Söz konusu 6. Yargı Paketinde nafaka süresinin sınırlandırılması ve nafakaların kamu fonlarından karşılanması yönünde yapılması planlanan yasal düzenlemelerle dikkatlerden kaçırılmaya çalışılan bir diğer konu ise iştirak nafakasıdır. Kendisine velayet verilmeyen eş tarafından ödenen ve çocukların 18 yaşına gelmesine kadar devam eden iştirak nafakası, aynı paketin içinde bir bütünmüş gibi ele alınarak kadınların aldığı nafakasının süresiz olduğu izlenimi yaratılmaya çalışılmaktadır. Yoksulluk ve iştirak nafakasının bir ve aynı şey gibi ele alınmasının altında yatan niyet, çocuk bakımı sorumluluğunu yüzyıl sonra yeniden yasal olarak da kadının üzerine yıkmaktır. Böylesi bir yasal düzenleme, açık ki pek çok kadının maddi ve manevi zarar gördükleri evliliklerini sürdürmek zorunda kalmasına neden olacak, evlilik sürsün ya da sürmesin hem kadınları hem de çocukları mağdur edecektir. 

Nafaka ödemesinin devlet garantisinde olması sosyal devleti anımsattığından kulaklara önce hoş gelse de bu düzende pek çok fonun başına geldiği gibi kamuya getireceği yük bahane edilerek nafaka ödemelerinde keyfi sınırlamalar ve kaldırmalar olmayacağı iddia edilemez. Hatta bazı gerici kabuller ve gelenekler üzerinden belirlenen kriterlerle kadınların hayatının gözetlenmesi ve gerici iktidarın bu düzenlemeyi kadının özel hayatını kontrol etme amacıyla kullanması çok olasıdır. 

2016’dan beri Aile Bütünlüğü, Boşanma Olayları ve Aile Kurumunun Güçlendirilmesi Amacıyla Kurulan Meclis Araştırması Komisyonu’nun gündeme getirdiği ve önerdiği tüm düzenlemeler kadının toplumsal statüsünü daha da kötüleştiren, devletin ve hukukun laiklik ilkesini hiçe sayan değişiklikler olarak hayata geçirilmiştir.
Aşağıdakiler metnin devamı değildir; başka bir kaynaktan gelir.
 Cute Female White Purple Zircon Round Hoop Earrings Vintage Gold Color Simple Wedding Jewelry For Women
Kadın emeğinin giderek değersizleştirildiği ve kadına yönelik şiddetin tırmandığı AKP döneminde, şimdi de nafaka düzenlemeleri ve aile arabuluculuğu gibi değişikliklerle aslında yapılmak istenen peyderpey Medeni Kanun’dan kurtulmaktır. Kapitalizm ile gericilik arasındaki muhteşem uyum, kadının kamusal haklarını törpülemeye, eğitim ve çalışma olanaklarını daraltmaya, annelik ve aile görevlerini en tepeye yazarak kadını toplumsal yaşantıda önemsizleştirmeye dönüşmüştür. Açık ki AKP’nin Yeni Türkiye tahayyülünde kadınların kul hakkı dışında hiçbir hakkı yoktur ve gündemdeki her yeni düzenleme siyasal islamın sadece fiilen değil yasalarla da Türkiye toplumuna dayatılmasından başka bir şey değildir. 
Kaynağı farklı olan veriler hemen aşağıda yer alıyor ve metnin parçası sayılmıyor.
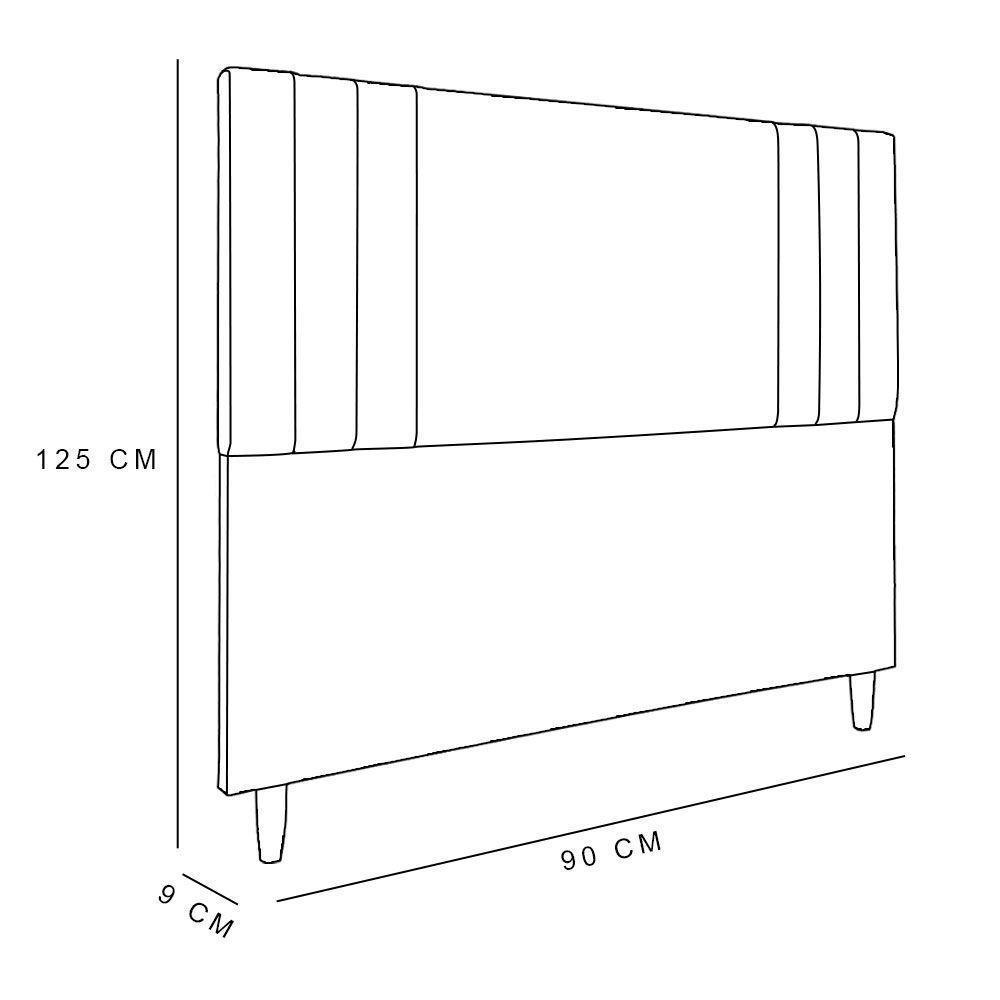 Cabeceira Solteiro 0,90m Viena Suede Preto - 4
Neredeyse tüm kamu iktisadi teşebbüslerinin özelleştirildiği, kamusal birikimin sermayeye peşkeş çekildiği, kayıt dışı çalışmanın ve ücret gasplarının arttığı Türkiye’de kadının payına düşen, ucuz emek ordusuna katılmak, ev içinde ve dışında her türlü baskı ve tahakküm altında varlığını sürdürmektir. Uygulanan tüm bu emek, kadın ve bilim düşmanı politikaların amacı her koşulda sermaye sınıfının çıkarınadır. Ancak kadınlar bu karanlığa boyun eğmeyeceklerdir. 

Nafakayı kaldırmak mı istiyorlar?

Evet nafakayı kaldıralım! 

Yüzde 30’un altında olan kadın istihdamını, herkesin çalışma hakkını anayasal olarak garanti altına alarak yüzde 100’e çıkaralım ve nafakayı kaldıralım! 
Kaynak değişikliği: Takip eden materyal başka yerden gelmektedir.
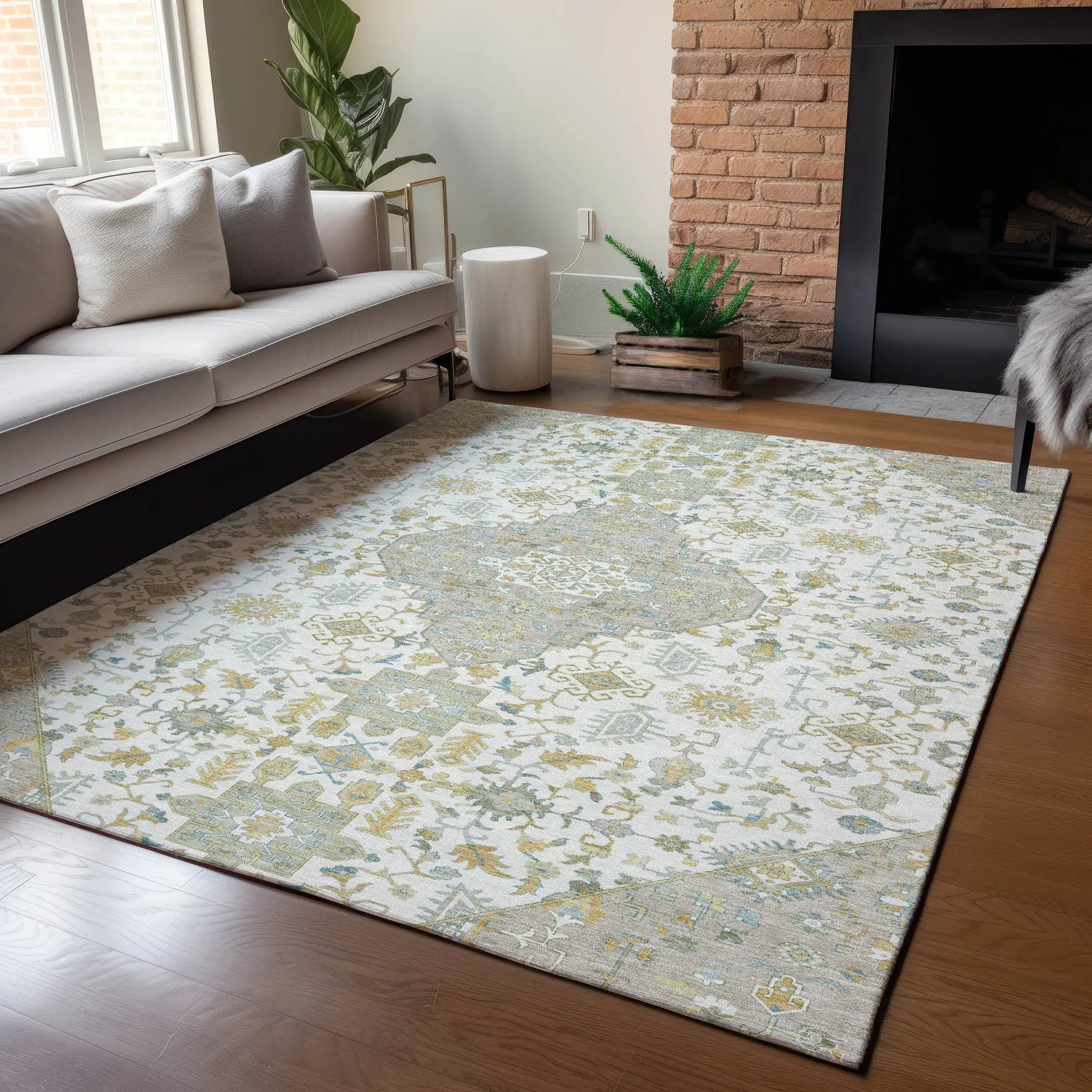 8' X 10' Ivory And Green Medallion Washable Indoor Outdoor Area Rug Homeroots Outdoor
Her mahalle ve işyerine ücretsiz, güvenli kreşler açalım ve nafakayı kaldıralım! 

Eğitimin nitelikli, bilimsel ve laik olmasını ve herkesin bu eğitime parasız olarak ulaşmasını sağlayalım ve nafakayı kaldıralım!

Herkes oturduğu evin sahibi olsun ve nafakayı kaldıralım! 

Suyu, elektriği, doğalgazı ücretsiz yapıp yoksulluğu bitirelim ve nafakayı kaldıralım!

Kadına yönelik şiddeti yaratan eşitsizlikleri ve sömürüyü sonlandıralım, bireyci değil toplumcu anlayışı hakim kılalım ve nafakayı kaldıralım!!

Kısaca nafakayı kaldırmak gerici iktidarın harcı değildir! Nafakayı bu ülkede kaldıracak yegane güç emekçilerin sosyalist iktidarıdır!